**What is expected**
"living area with" appears in one line; retype that line and all lines following it through the end of the records, with nothing left out or added.

━━━ Task material

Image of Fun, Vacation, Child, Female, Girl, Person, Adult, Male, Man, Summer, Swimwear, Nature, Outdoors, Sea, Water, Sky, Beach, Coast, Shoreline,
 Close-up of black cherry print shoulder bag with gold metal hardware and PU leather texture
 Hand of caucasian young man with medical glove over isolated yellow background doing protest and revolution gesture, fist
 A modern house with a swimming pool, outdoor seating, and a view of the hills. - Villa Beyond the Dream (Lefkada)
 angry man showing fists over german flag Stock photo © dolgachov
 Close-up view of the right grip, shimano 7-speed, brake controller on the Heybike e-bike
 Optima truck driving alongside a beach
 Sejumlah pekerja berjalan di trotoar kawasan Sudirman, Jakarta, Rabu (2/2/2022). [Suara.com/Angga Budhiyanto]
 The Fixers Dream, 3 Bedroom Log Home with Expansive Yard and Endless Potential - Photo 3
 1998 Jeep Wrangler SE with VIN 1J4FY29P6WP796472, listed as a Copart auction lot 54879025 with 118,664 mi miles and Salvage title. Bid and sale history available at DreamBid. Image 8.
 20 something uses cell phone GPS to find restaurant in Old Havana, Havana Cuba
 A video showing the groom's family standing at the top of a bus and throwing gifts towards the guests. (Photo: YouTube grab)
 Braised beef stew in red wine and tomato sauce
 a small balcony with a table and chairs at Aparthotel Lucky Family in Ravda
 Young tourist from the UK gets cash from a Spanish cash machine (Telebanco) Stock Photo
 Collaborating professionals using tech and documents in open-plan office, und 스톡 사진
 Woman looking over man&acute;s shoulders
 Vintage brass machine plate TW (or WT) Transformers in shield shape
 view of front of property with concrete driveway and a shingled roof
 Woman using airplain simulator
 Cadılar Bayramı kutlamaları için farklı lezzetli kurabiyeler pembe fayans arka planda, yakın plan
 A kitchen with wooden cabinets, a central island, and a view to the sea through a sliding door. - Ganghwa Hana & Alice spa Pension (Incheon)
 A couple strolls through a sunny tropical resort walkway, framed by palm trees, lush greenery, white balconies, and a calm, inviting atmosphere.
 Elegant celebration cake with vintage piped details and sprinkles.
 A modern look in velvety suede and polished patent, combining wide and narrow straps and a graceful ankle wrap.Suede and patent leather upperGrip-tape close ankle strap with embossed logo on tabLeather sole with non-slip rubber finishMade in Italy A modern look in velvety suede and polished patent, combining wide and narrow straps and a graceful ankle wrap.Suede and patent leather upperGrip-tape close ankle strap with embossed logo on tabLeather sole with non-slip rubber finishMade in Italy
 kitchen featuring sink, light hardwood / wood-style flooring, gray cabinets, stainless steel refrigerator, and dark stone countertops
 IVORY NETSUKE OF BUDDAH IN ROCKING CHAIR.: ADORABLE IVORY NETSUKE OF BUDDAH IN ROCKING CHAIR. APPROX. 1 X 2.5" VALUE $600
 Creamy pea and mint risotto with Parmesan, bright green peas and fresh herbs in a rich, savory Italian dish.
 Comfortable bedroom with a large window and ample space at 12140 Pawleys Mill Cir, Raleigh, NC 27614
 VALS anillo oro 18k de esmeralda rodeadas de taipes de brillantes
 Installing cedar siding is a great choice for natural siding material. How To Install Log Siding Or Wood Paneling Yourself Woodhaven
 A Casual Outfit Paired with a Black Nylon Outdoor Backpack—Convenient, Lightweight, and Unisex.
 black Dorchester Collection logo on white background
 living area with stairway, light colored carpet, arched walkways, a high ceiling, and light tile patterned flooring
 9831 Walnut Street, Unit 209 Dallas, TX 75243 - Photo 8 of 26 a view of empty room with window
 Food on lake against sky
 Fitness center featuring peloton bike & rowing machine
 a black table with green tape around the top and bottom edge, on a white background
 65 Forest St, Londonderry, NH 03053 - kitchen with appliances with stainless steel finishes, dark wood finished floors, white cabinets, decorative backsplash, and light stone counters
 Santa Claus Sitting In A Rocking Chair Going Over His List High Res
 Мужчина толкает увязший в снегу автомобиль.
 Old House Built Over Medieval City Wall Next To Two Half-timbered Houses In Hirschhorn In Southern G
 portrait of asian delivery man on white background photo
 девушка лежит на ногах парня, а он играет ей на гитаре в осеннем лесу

━━━━━━

**Response to the task**
 living area with stairway, light colored carpet, arched walkways, a high ceiling, and light tile patterned flooring
 9831 Walnut Street, Unit 209 Dallas, TX 75243 - Photo 8 of 26 a view of empty room with window
 Food on lake against sky
 Fitness center featuring peloton bike & rowing machine
 a black table with green tape around the top and bottom edge, on a white background
 65 Forest St, Londonderry, NH 03053 - kitchen with appliances with stainless steel finishes, dark wood finished floors, white cabinets, decorative backsplash, and light stone counters
 Santa Claus Sitting In A Rocking Chair Going Over His List High Res
 Мужчина толкает увязший в снегу автомобиль.
 Old House Built Over Medieval City Wall Next To Two Half-timbered Houses In Hirschhorn In Southern G
 portrait of asian delivery man on white background photo
 девушка лежит на ногах парня, а он играет ей на гитаре в осеннем лесу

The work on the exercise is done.